De tempos em tempos, ouve-se que os jogadores não têm mais amor à camisa, jogam apenas pelo dinheiro, que antigamente as coisas eram diferentes, que o amor pelo esporte e pelo time e pela seleção eram o que importavam.Diz-se também que o maior culpado pela corrupção da sociedade é o dinheiro. Mas, ao mesmo tempo, acredita-se no sonho americano, de que qualquer um é capaz de sair da pobreza e - através de seus esforços, seu talento, seus princípios - chegar ao topo.
Essa contradição, que já é curiosa por si só, ao ser retratada por David Zucker, veterano da comédia satírica, só poderia acabar mesmo nisso, numa sátira bastante divertida. A base pra isso é filmes de esporte, aqueles em que um time ou um jogador, por quem ninguém dá coisa alguma, se torna o grande campeão, após enfrentar vários obstáculos impostos por um vilão extremamente malvado (que tem alguma ligação com o time rival) e conquistar o coração de uma mulher maravilhosa (não sem antes ser dezprezado, aceito e desprezado novamente por ela); em outras palavras, o sonho americano por excelência.

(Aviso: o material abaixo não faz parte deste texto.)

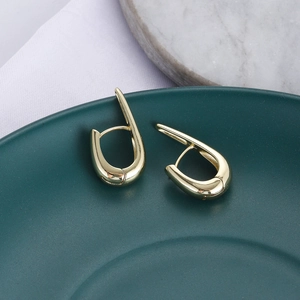 Orecchini geometrici a forma di U in oro lucido su un vassoio di ceramica scura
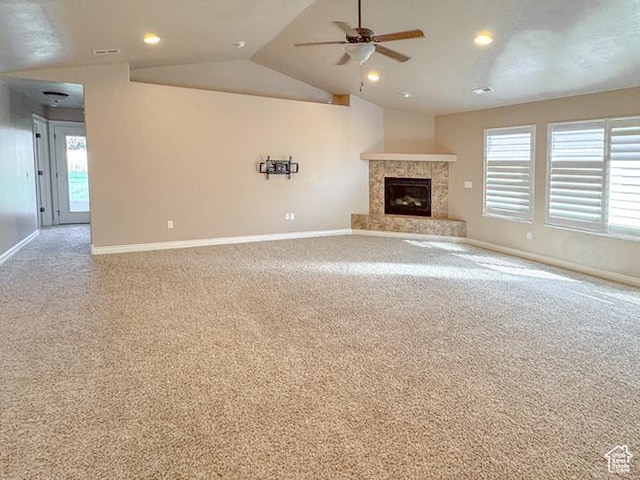 unfurnished living room with baseboards, carpet flooring, ceiling fan, and vaulted ceiling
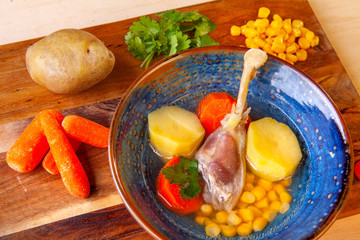 soup in a plate and ingredients included in it on a wooden board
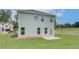 View of the house's backyard with well-maintained lawn and patio at 40 Begonia Ct, Covington, GA 30016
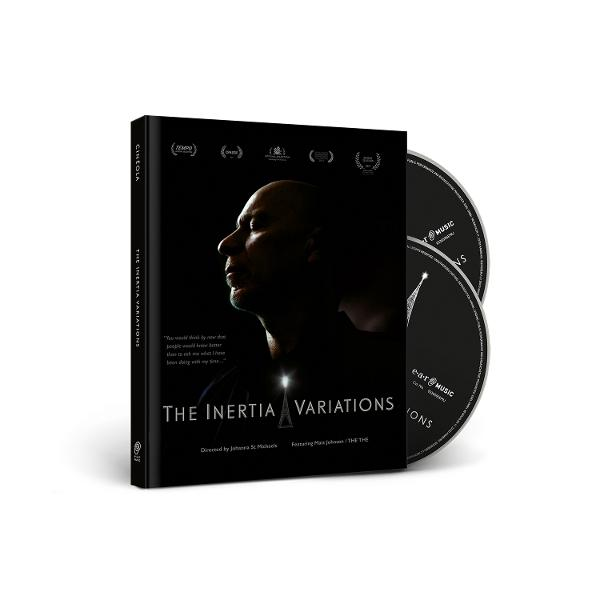 Das Bild zeigt eine DVD-Hülle mit dem Gesicht eines Mannes darauf. Zwei CDs liegen daneben. Der Text lautet 'The Inertia Variations'.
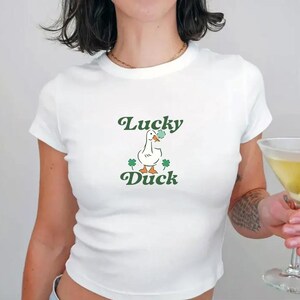 May include: White cropped t-shirt with a green and white cartoon duck holding a shamrock and the text "Lucky Duck" in green.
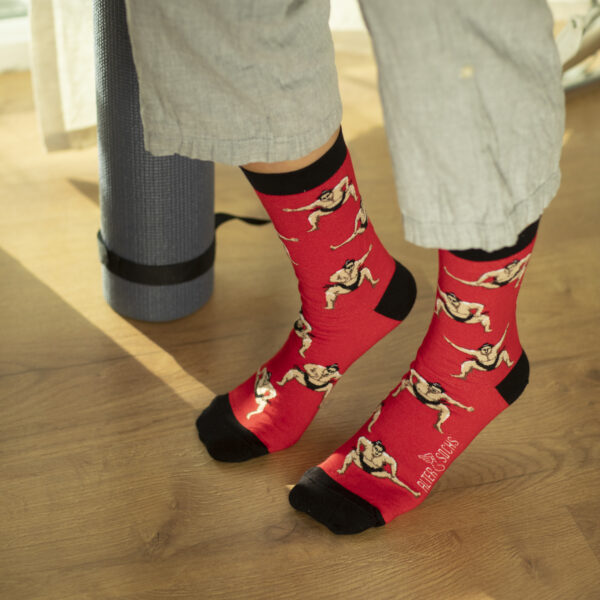 Chaussettes originales montrant des sumos sur fond rouge vif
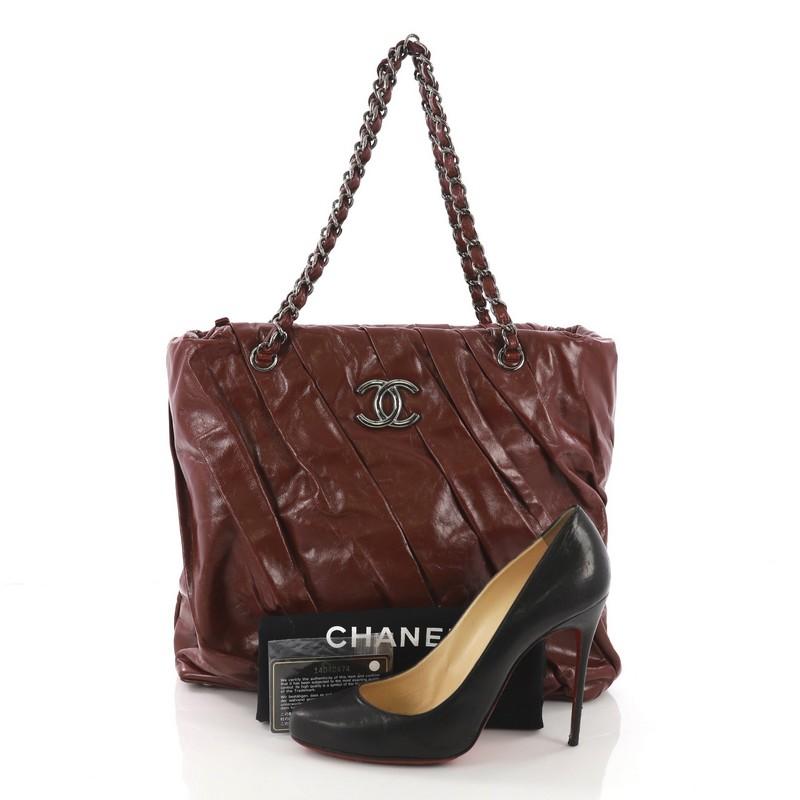 This Chanel Twisted Tote Glazed Calfskin Medium, created from dark red glazed calfskin, features woven-in leather silver chain straps, CC hardware accents, four base studs, and gunmetal-tone hardware. Its top zip closure opens to a gray satin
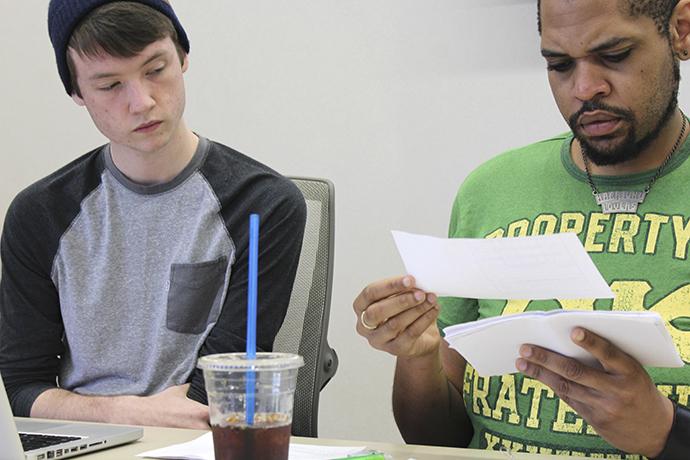 CAEB President Justin Nicholson (left) and Director of Finance Jeremy Diefenbacher (left) review the results of the survey at the the Senate meeting on April 7, 2016.  (Photo by Robert Hansen)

O filme inicialmente apresenta seus protagonistas como crianças, quando num jogo de baseball, um deles, Coop (Parker), consegue pegar a bola do terceiro home run de Reggie Jackson do jogo. Naquele momento, ele diz ao amigo Remer (Stone) que um dia se tornará uma estrela do esporte. Ocorre uma elipse de alguns anos, agora vemos Coop e Remer adultos, indo a uma festa/reunião, para qual não foram convidados, da sua antiga turma do Ensino Médio. Enquanto os ex-colegas são apresentados como adultos bem-sucedidos, os protagonistas continuam os mesmos do tempo de escola; na verdade, são as mesmas crianças daquele jogo de baseball, com a diferença que agora bebem cerveja. Na festa, acabam entrando num jogo de basquete valendo 50 dólares. Antecipando a derrota, inventam algumas regras ridículas para que consigam vencer. O esporte é uma mistura de baseball com basquete, as modificações são feitas apenas para se encaixarem com as características de Coop e Remer: arremessos do basquete, mas um esporte mais parado, tal qual o baseball. Além disso, é divertidíssimo vê-los trapaceando no jogo e adicionando a trapaça às regras apenas para vencerem o jogo. Com esse início, Zucker consegue construir muito bem os dois personagens principais: são grandes amigos preguiçosos que não têm dinheiro, não têm físico para serem bons atletas, não são inteligentes, não são bons moços, não têm talento aparente algum, enfim, são dois losers, dois caras que não alcançaram ou alcançarão o respeito da sociedade.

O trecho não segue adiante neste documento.